I was using the same code in previous version of Mathematica but unfortunately I had to update Mathematica to version 12 because I upgraded MacOS to Catalina. Now when I run my code, I get this error

And my plots all look smeared up because of numerical errors which I wasn't seeing before.

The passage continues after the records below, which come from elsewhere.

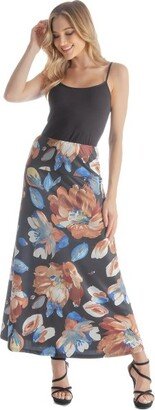 24seven Comfort Apparel Womens Fora Eastic Waistband Maxi Skirt-Muticoored-L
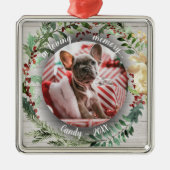 Ter nagedachtenis - Hond Foto Dierbare Herdenkings Metalen Ornament (Voorkant)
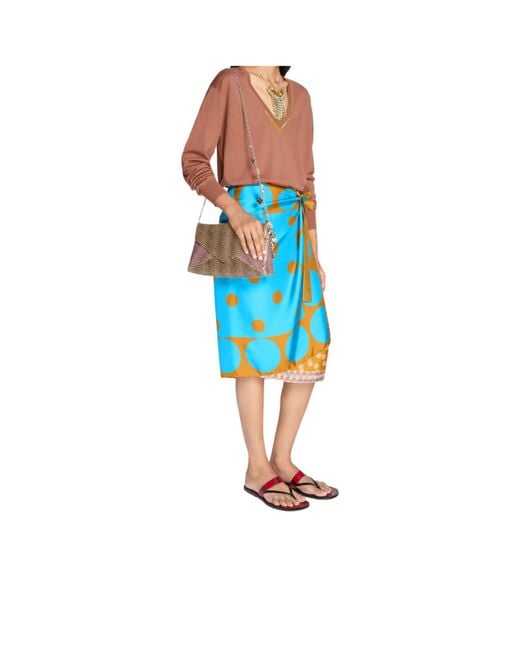 Dries Van Noten Brown Dot Patterned Large Envelope Shoulder Bag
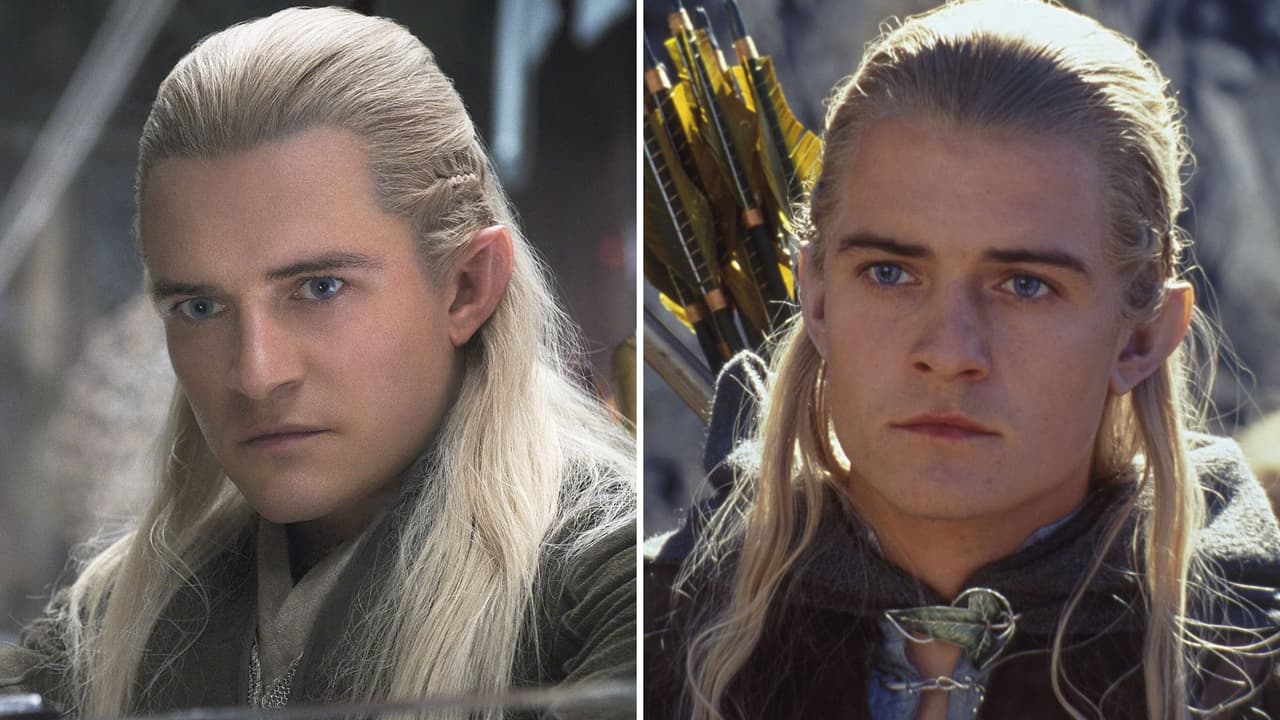 Doce años después, en ‘The Hobbit: The Desolation of Smaug’ (2013), Bloom volvió a interpretar al experimentado arquero. El filme aprovechó la tecnología CGI para rejuvenecer a Orlando: del lado derecho puedes ver al actor rejuvenecido digitalmente, y del lado derecho es el semblante de Bloom en 'The Lord of the Rings: The Two Towers' (2002).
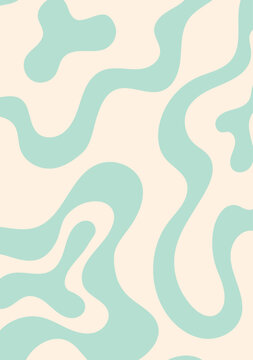Abstract wavy psychedelic poster in retro 1970s style. Vector flat illustration of distorted liquid shapes. 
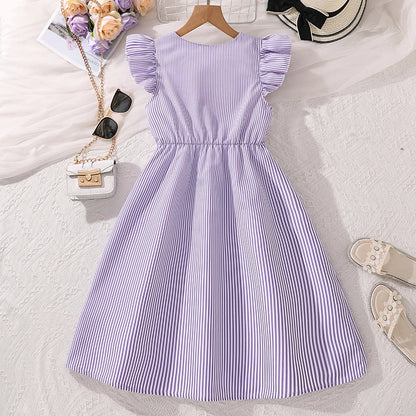 Kids Dress For Girls 8-12 Years Summer Girls Dopamine Dress Graduation Birthday Party Event Fresh Sweet Style Girls Dress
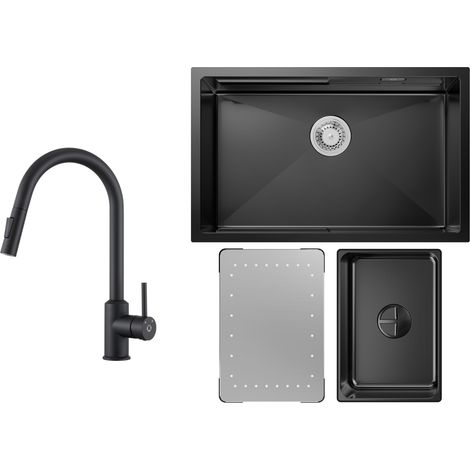 Fregadero de cocina 1,5 senos 70 x 44 cm fregadero de acero inoxidable fregadero bajo encimera antracita + grifo de cocina extensible negro con 2 tipos de chorro alto 404MM (1/5)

Can anyone help me how to proceed?

Whole code is here:

ClearAll["Global*"]
q := 1.6*10^-19; (* Electron charge in Coulomb *)

me := 9.1*10^-31; (* Free electron rest mass in kg *)

h := 6.63*10^-34;  (* Reduced Planck's constant in J.s *)

kb := 1.38*10^-23; (* Boltzmann constant in J/K *)

FD[d_, \[Eta]_] := -PolyLog[
d + 1, -E^\[Eta]];(* Defining the Fermi-Dirac integrals *)

Nc[d_, gs_, gv_, meff_, T_] :=
gs*gv*((2*\[Pi]*meff*me*kb*T)/h^2)^(d/
2);  (* Effective band-edge DOS in d dimensions *)

n[d_, gs_, gv_, meff_, T_, \[Eta]F_] :=
Nc[d, gs, gv, meff, T]*
FD[(d - 2)/
2, \[Eta]F]*(100)^-d; (* Effective SI carrier density in d \
dimensions in cm units*)
\[Eta]S[d_, gs_, gv_, meff_, T_, v_, nd_] :=
Quiet[Chop[
FindRoot[
1/2*(n[d, gs, gv, meff, T, \[Eta]] +
n[d, gs, gv, meff, T, \[Eta] - (q*v)/(kb*T)]) ==
nd, {\[Eta], 1000000}]][[1]][[
2]]]; (* Source Fermi Level at voltage v in d dimensions*)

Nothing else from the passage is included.